# INSTRUCTIONS TO FOLLOW
Please set down every line of the records below exactly, without the pictures.

[Stored items]
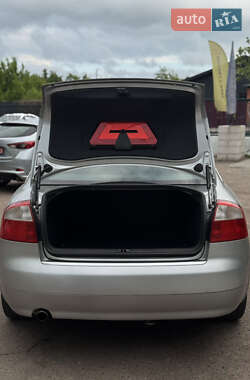 Седан Audi A4 2004 в 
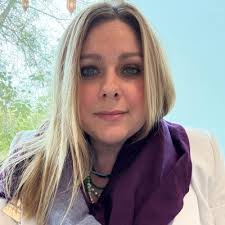 الموظفون في American International School Riyadh والموقع الجغرافي والخريجون 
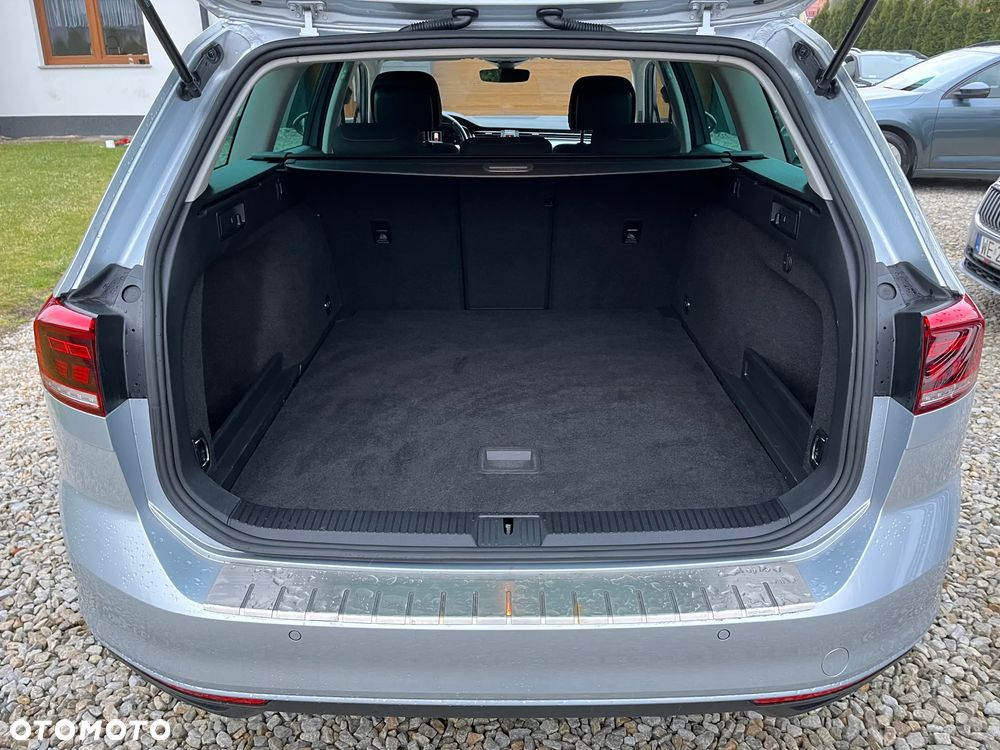 Volkswagen Passat Variant 2.0 TDI EVO Business - 16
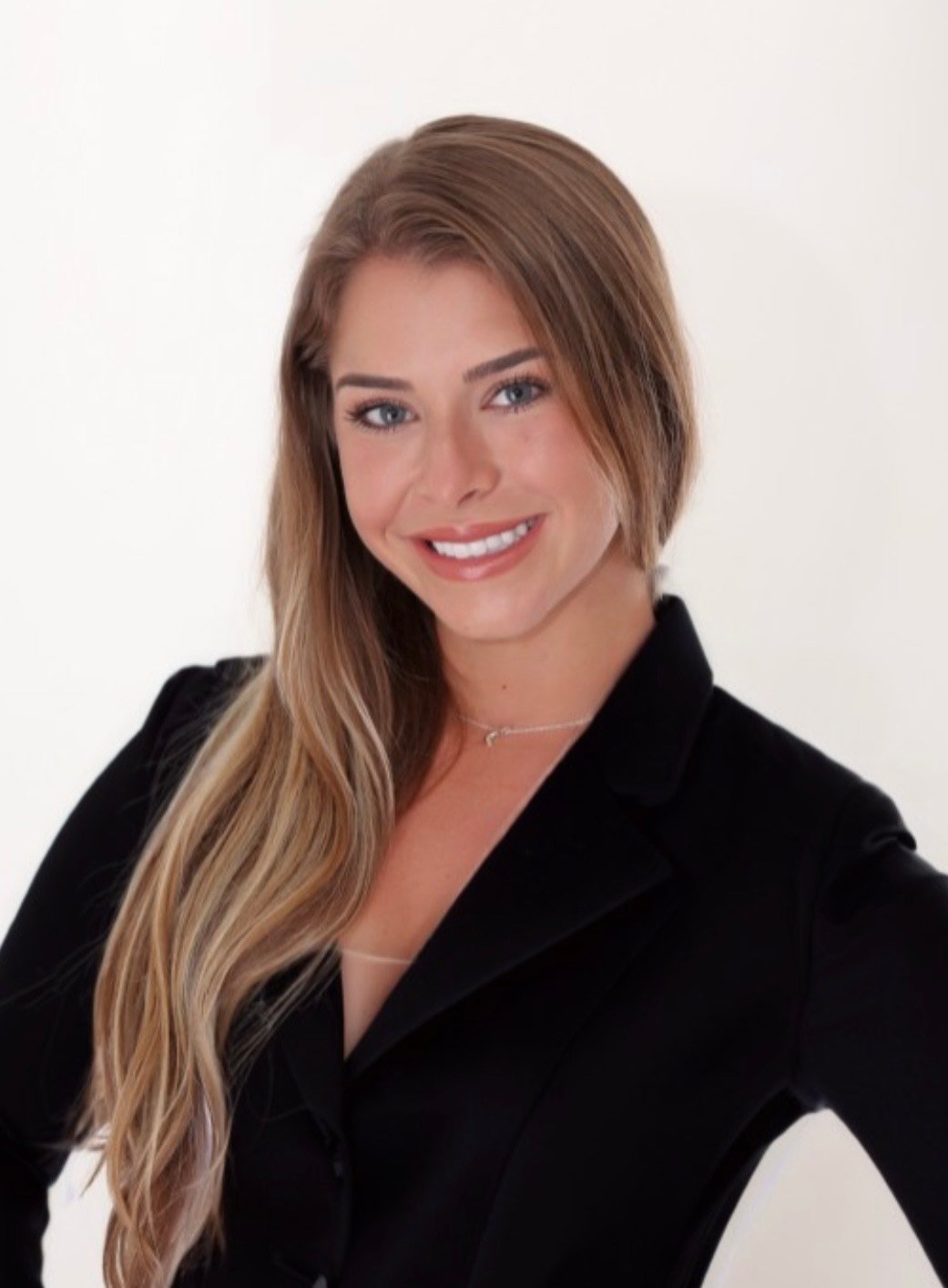 Kadi  Schmucker
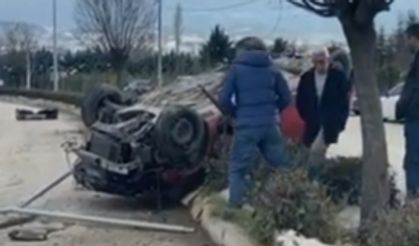 Otomobil aydınlatma direğine çarpıp takla attı: 2 yaralı 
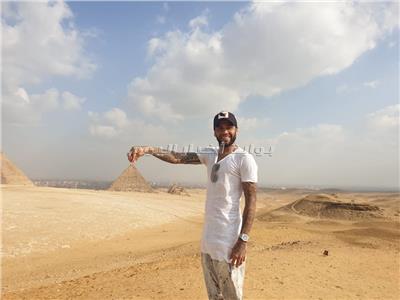 صور| داني ألفيش يبدأ جولته السياحية في القاهرة والجيزة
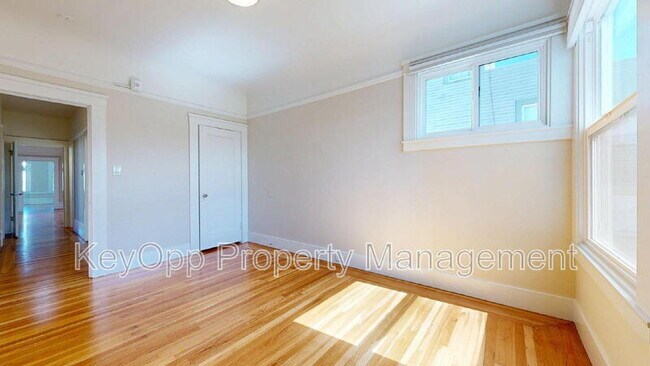 Building Photo - 769 18th Ave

# EXERCISE SOLUTION
 Седан Audi A4 2004 в 
 الموظفون في American International School Riyadh والموقع الجغرافي والخريجون 
 Volkswagen Passat Variant 2.0 TDI EVO Business - 16
 Kadi  Schmucker
 Otomobil aydınlatma direğine çarpıp takla attı: 2 yaralı 
 صور| داني ألفيش يبدأ جولته السياحية في القاهرة والجيزة
 Building Photo - 769 18th Ave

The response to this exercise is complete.